How to check SMTP User doing the Spam?

[greenberet88]

Hello everybody,

I have an Email server with postfix, we have SMTP authentication installed, and we are getting spam outbound, meaning that somebody is using our server to send spam outside, we have fixed a lot of that but we still get it from time to time.

My question is:

If we have SMTP authentication, and the spammer is sending emails, it means its using a user and password as a SMTP Authentication,

**** How can I trace who account is being used for the spammer *** ??

any log line or log modification to show me that?

Thanks a lot in advanced.

Alan

 

[Noway2]

I realize this may seem like asking the obvious, but how do you know that it is originating from your server? Are you sure that it isn't back-scatter?

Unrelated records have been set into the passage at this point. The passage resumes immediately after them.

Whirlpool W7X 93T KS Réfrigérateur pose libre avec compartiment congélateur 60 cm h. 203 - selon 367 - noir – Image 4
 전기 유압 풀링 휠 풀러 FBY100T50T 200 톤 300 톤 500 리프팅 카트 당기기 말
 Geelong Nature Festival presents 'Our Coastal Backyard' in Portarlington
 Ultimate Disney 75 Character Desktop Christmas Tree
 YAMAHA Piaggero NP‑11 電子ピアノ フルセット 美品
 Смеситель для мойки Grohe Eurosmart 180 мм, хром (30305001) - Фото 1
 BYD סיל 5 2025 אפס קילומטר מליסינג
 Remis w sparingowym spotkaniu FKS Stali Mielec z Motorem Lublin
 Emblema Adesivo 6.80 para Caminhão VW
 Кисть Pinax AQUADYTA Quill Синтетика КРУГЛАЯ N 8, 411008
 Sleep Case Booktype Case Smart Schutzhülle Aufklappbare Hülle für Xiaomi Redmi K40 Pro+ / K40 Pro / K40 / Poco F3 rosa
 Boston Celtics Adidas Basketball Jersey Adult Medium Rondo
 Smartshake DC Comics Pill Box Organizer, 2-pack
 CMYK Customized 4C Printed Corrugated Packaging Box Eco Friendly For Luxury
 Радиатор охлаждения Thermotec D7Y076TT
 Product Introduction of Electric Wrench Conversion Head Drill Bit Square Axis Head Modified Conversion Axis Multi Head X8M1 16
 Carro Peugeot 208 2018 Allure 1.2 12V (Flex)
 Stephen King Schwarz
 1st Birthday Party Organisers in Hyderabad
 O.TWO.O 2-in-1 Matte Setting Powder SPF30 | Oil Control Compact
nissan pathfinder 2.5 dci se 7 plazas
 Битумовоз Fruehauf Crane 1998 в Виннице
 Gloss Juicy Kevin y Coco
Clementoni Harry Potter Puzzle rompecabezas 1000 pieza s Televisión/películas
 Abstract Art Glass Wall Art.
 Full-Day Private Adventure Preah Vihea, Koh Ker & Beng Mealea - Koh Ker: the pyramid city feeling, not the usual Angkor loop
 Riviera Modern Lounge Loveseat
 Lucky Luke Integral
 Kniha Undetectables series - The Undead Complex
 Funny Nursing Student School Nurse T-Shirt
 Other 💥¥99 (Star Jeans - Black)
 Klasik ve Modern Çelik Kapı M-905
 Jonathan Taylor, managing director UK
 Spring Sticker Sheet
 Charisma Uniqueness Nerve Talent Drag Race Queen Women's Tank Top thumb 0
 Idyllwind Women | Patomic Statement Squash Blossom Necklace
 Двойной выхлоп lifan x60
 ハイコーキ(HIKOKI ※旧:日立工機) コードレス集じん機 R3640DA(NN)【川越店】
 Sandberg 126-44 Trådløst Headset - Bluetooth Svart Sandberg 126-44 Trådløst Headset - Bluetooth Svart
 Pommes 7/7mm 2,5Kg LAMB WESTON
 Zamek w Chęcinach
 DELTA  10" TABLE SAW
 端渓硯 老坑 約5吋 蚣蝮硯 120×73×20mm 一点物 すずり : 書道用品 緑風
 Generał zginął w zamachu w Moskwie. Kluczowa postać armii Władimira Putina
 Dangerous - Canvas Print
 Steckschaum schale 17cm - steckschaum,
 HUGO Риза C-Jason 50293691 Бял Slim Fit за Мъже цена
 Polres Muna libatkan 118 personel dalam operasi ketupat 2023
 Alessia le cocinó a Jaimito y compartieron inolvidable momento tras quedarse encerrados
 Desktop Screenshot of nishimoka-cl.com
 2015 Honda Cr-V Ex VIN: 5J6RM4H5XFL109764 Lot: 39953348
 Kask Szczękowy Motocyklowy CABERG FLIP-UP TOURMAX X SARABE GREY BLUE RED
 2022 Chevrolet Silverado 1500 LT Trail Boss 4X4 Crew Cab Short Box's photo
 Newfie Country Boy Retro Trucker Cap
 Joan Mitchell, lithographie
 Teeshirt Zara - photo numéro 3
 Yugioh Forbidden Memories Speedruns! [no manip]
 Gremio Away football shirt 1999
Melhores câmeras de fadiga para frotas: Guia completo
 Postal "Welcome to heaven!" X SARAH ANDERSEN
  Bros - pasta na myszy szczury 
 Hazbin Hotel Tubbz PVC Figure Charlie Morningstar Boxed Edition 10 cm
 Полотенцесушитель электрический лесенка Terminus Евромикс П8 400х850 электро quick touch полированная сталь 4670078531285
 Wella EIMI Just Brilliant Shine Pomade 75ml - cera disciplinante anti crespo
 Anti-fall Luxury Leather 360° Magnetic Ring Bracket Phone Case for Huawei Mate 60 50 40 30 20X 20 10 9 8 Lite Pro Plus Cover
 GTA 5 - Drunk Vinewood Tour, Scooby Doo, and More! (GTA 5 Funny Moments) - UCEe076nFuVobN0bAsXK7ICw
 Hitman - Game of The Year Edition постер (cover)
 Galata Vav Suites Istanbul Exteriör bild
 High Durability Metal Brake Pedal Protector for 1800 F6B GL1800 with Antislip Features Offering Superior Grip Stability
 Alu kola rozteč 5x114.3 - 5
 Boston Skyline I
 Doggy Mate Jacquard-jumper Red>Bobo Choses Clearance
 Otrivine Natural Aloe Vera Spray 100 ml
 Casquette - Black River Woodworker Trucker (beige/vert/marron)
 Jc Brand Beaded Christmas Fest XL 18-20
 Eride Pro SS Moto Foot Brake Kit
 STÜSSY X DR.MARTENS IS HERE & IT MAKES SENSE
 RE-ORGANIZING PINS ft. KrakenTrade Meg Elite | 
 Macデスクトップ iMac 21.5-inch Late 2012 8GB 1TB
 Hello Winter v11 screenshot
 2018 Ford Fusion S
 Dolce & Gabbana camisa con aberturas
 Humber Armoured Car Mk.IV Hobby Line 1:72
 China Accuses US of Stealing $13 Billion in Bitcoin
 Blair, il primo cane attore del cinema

If it is originating from your server, it should be fairly easy to tell which system it is coming from. You will need to look at the mail logs. In my Linux system, the log is /var/log/mail.log, but yours may vary. What you will want to do is search the log for one of the key words of the spam, such as the recipient that will let you find the entries associated with that message. There will be a hex-number to the left of the to: you can use that as the ID to search the logs for the entries associated with that message to make things simpler. You should then find the ones that say "client=" and "from=". Note the "from=" picks from the headers and may be spoofed. The client= should give you the (fully qualified) domain name / and or IP of the system that made the connection, allowing you to trace it. One thing to note, if you use a spam filter that receives the mail and then re-injects it, you will need to follow the trail twice with two ID numbers as it will re-inject as received from localhost.

 

[greenberet88]

Hello Norway2 and thanks for your quick response.

We have stopped the spamming from our server, yet like you said its possible we are getting the Back-scatter emailed, I have checked the logs and i´m getting the NOQUEUE in tons, how can i block the backscatter emails..... should i block the MAILER-DAEMON with a header-check?

Thanks a lot.

 

[Noway2]

Take a look at this:

http://www.postfix.org/BACKSCATTER_README.html

It is an article from the creator of Postfix that discusses multiple techniques on how to deal with spam back scatter. Basically, the first line of defense is to configure postfix to reject messages for non known recipients. If messages get through this, then you need to get a little more creative. Use specifics of how your host identifies itself and use these patterns in a regex to filter legitimate traffic from the noise. The article goes into a lot more detail and has examples of how this is done.

Personally, I am starting to think that the goal of the spammers is to create as much nuisance traffic as they can and clog the system rather than get you to buy Viagra or send money to Nigeria. This is a much more nefarious purpose. In this regard, the anti spam measures have been very effective in furthering their goals. This is one of the reasons why I have my server set to quietly discard the crap it catches rather than reject it with a bounce. Bouncing messages just causes more trouble as you are seeing. The down side is that legitimate mail to non-existent recipients, such as caused by having a spelling error, may not be discovered as quickly.